After the 1970s you really have to work hard for the pairings. There is LETTER TO AN IMAGINARY FRIEND but it has no 1970s contemporary novel that comes to mind. You have to go back to 1939 and THE GRAPES OF WRATH. And, of course, Leo Connellan’s CROSSING AMERICA is a natural partner for Cormac McCarthy’s THE ROAD. Or, how about Kell Robertson’s A HORSE CALLED DESPERATION and Tom Lea’s THE WONDERFUL COUNTRY?
And, here I am simply going to overlook ninety nine percent of the academics writing the long poem because I have not yet found a contemporary long poem with any real substance (read power, read the magnetic quality to grab you by the shirt front and pull you shaking into its mystery). Lets try to make this plainer. I have not yet found a contemporary long poem with the kind of power that could match PATERSON, THE WASTELAND, THE BRIDGE, THE CANTOS, MAXIMUS LETTER TO AN IMAGINARY FRIEND, HOWL or GUNSLINGER. There is no current long poem outside the Outlaw Poetry Movement that has the endurance to hold up over a long period of time.

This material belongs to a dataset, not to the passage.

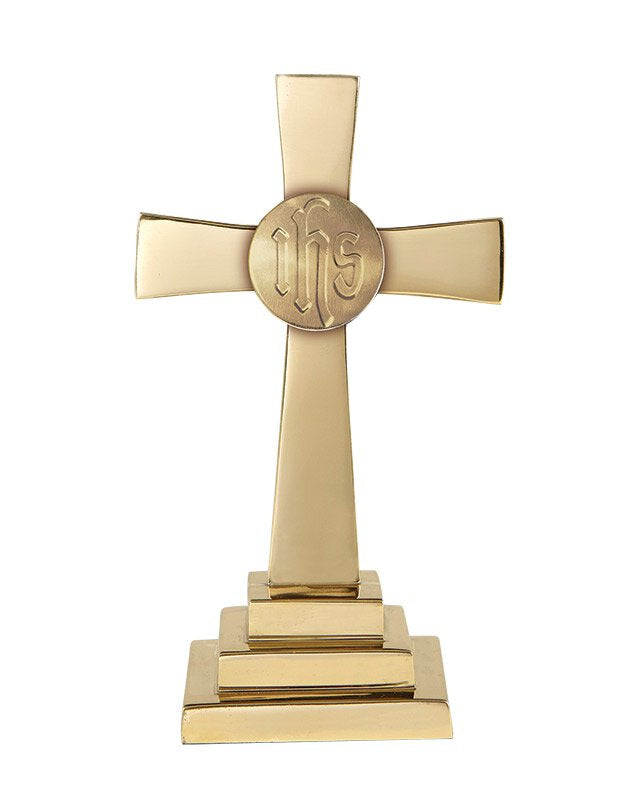 A solid brass cross with a stamped IHS design and a sturdy square base.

The two books which probe the psyche of america more powerfully than any other novel or poem published during the last twenty years of the 20th century or the first decade or more of the 21st century are Cormac McCarthy’s BLOOD MERIDIAN and my long poem DILLINGER. When I say probe what I really mean is that both BLOOD MERIDIAN and DILLINGER actually are trenching back into the deepest parts of the american psyche. Both novel and poem are powerful and authentic extended works of the contemporary literary imagination or whatever passes for it in the kicked and fucked wreckage of this nation. Both novel and poem present violent scenes as unflinchingly as anything written in the american language. Both novel and poem inquire into the origins and essence of the violent scripts and fantasies of the american dream. Both novel and poem run counter to what it means to live in a civilized country. Both novel and poem present variations on the essential archetypal american. No other novelist since William Faulkner has attempted that. No other major poet has ever tried that, and you can search Pound, Williams, and Olson a very long time and never find anything that even comes close to what you will find in DILLINGER. And, no other novelist or poet writing today has equaled these achievements. They represent the dream and the nightmare of america.